Australia international rugby league footballer

Les Hanigan (born 19 November 1945) is an Australian former professional rugby league footballer who played in the 1960s and 1970s. An Australian international and New South Wales representative , he played club football in Illawarra for Collegians, in Sydney for Manly-Warringah and in North Queensland for Proserpine.

A pro runner from Wollongong, Hanigan was selected to represent Southern New South Wales against the touring Great Britain team in 1966, scoring a try. He signed on to play in Sydney's NSWRFL competition with the Manly-Warringah club in 1967. That year, he set a new club record for most tries. He scored five tries in a match against competition newcomers, Cronulla-Sutherland. After playing for New South Wales, he scored two tries in Australia's First Test win over New Zealand.

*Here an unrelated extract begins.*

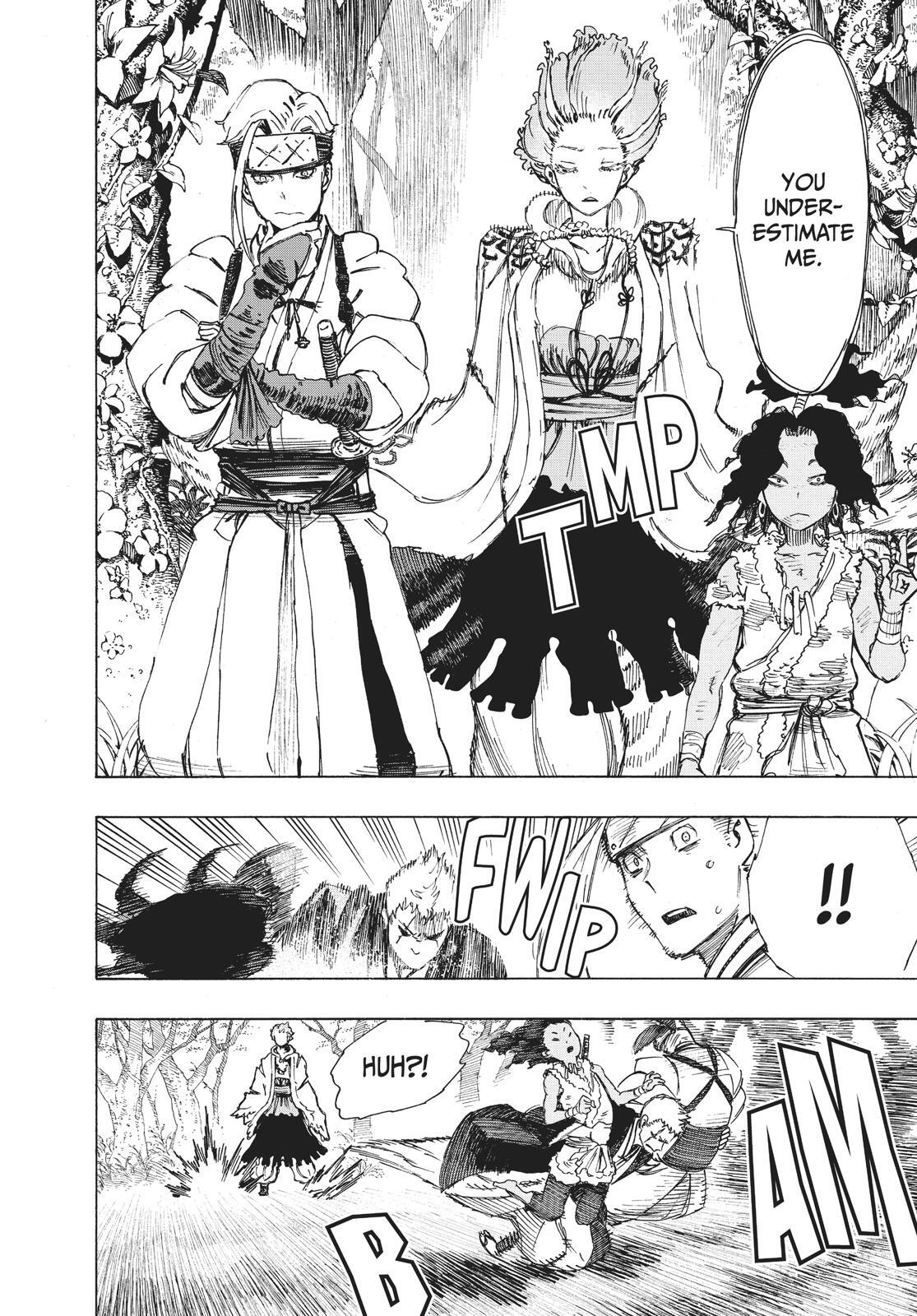 Read Hell’s Paradise- Jigokuraku Manga Online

By the end of the 1967 NSWRFL season he had scored sixteen tries, the most in the competition, before being selected to represent Australia on the 1967–68 Kangaroo tour of Great Britain and France. Hanigan played in 11 games on tour but no Tests. With Manly-Warringah he reached the 1968 NSWRFL season's grand final and played on the wing in the loss to Souths.

After his time with Manly, Hanigan moved north to captain-coach Queensland's Proserpine club. From here he was selected to represent North Queensland.